Ostapchuk’s mental punch buries Olympia disappointment

Helsinki, FinlandNadezhda Ostapchuk of Belarus was the prohibitive favourite to take the women’s Shot Put title at the 10th IAAF World Championships in Athletics, and she duly confirmed that status today with a dominant series of four puts over 20 metres, topped by a 20.51m on her final effort.

Burying the past

But a year ago it had all been so different. The 24-year-old had led the qualifiers for the final in Olympia, a venue where after 16 centuries the Olympic Games had returned. Her performance on that occasion was 19.65m, while yesterday, Thursday 12 August in Helsinki, she had been the second furthest qualifier with 19.65m. The outcome of the two finals could not have been much different, for in the sacred olive groves of Olympia she failed to medal, producing a lowly best of 19.01m.

Tonight Ostapchuk came to bury that ‘non-event’ and duly did in spectacular style. She opened with 20.30, followed with 20.13, and then two fouls, before launching the Shot to 20.23 and then finally 20.51. A consistent series to which no one had a credible answer, her nearest opponent could reach only 19.62m!

“This was my revenge for Olympia,” said the IAAF World Ranked number one.

“I was ready to do 21m here today (her national record is 21.09 – 21 July) but my muscles got cold. I had warmed up but it was humid and hot out there early on and my clothes became wet (with the sweat) and didn’t dry off, and so my muscles went cold again before the final began. I know I could have performed better if I had been warmer.”

First round clincher

“I aimed to win with the first throw and that’s what I have done. It was a very simple competition. As soon as I threw the 20.30m I knew that was it. It was the mental punch which I needed to deliver (to the other competitors).”
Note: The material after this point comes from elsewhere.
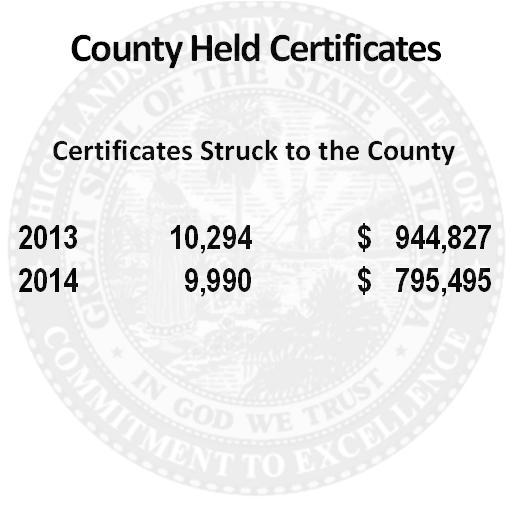 County Held Certificates Certificates Struck to the County 2013 10,294 $ 944,827 2014 9,990 $ 795,495 As Agents for The Department of Motor Vehicles Transactions Processed 147,139 149,906 DMV Revenue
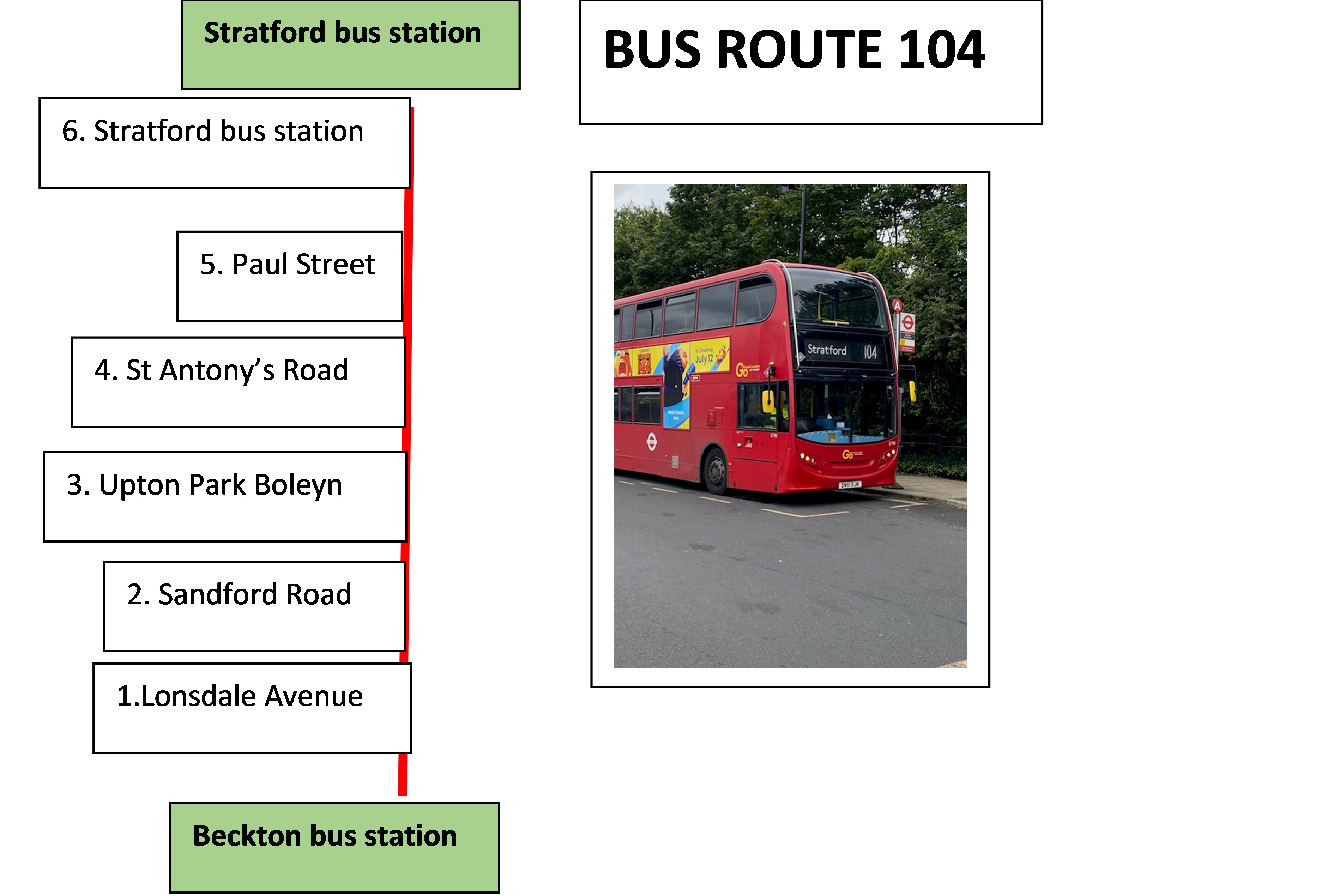 Bus route 104 – london routemistress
Counting qualification rounds, she has had an immaculate nine competition season which had begun with her first place at the European Indoor championships in Madrid (18.59 + 19.37), a European Clubs Cup win then marked her opening outdoor performance (19.57), then she broke through 20.00m in Ulm on 12 June (20.09), and then followed a fast ascent with world season leads in three competitions in Belarus - 20.60, 20.93 and 21.09, of which the latter two wins were nationals records. 

The 21.09 was the longest legitimate put in the world by a woman since 2000, and marked her last competition before she came to Finland. Given that the next two women on the world list had bests this summer of 20.24 and 20.06, Ostapchuk was very much the firm favourite. Yet given that one of these opponents was reigning World champion Svetlana Krivelyova, nothing could be taken for certain at the World Championships.
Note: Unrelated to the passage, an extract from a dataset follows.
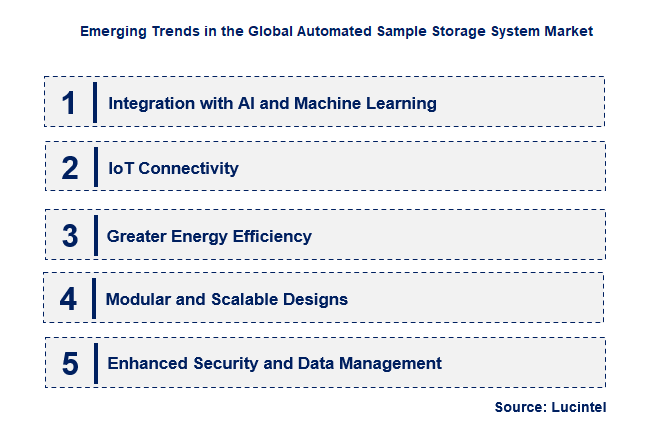 Emerging Trends in the Automated Sample Storage System Market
Ostapchuk had words for only one of her opponents, the New Zealander Valerie Vili, the 20-year-old who under her maiden name had won World Youth and Junior titles. “She is novice still in this event but I know that she has the talent to one day do really very well in a major championship.” Vili took the bronze tonight (two puts of 19.62m).

 Change of training regime

But what about Ostapchuk’s own dominance this season, the two national record and now today’s gold medal, what had changed in her life of the former World and European Junior champion since 2004?
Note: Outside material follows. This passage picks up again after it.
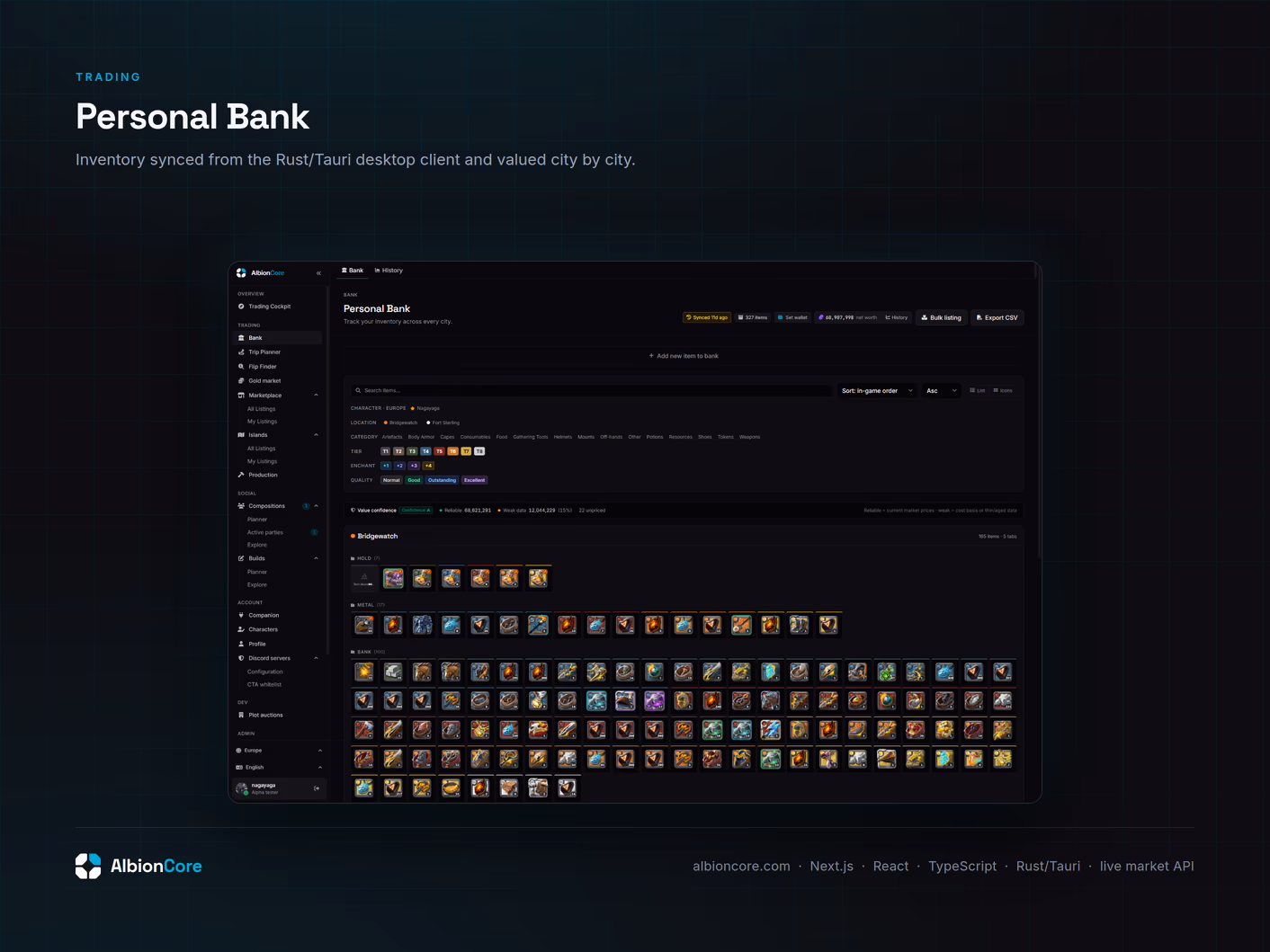 Personal bank view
“My training programme has changed completely. Most importantly I have learnt how to relax, mentally and physically. So I came here confident, believing in my strength. If there has been a problem it has been that there are so few Shot Put competitions on the Grand Prix circuit, and I hope that more can be arranged. I would hope that some event could even stage a Shot this summer, as I am sure I could show that I can throw much further than today.”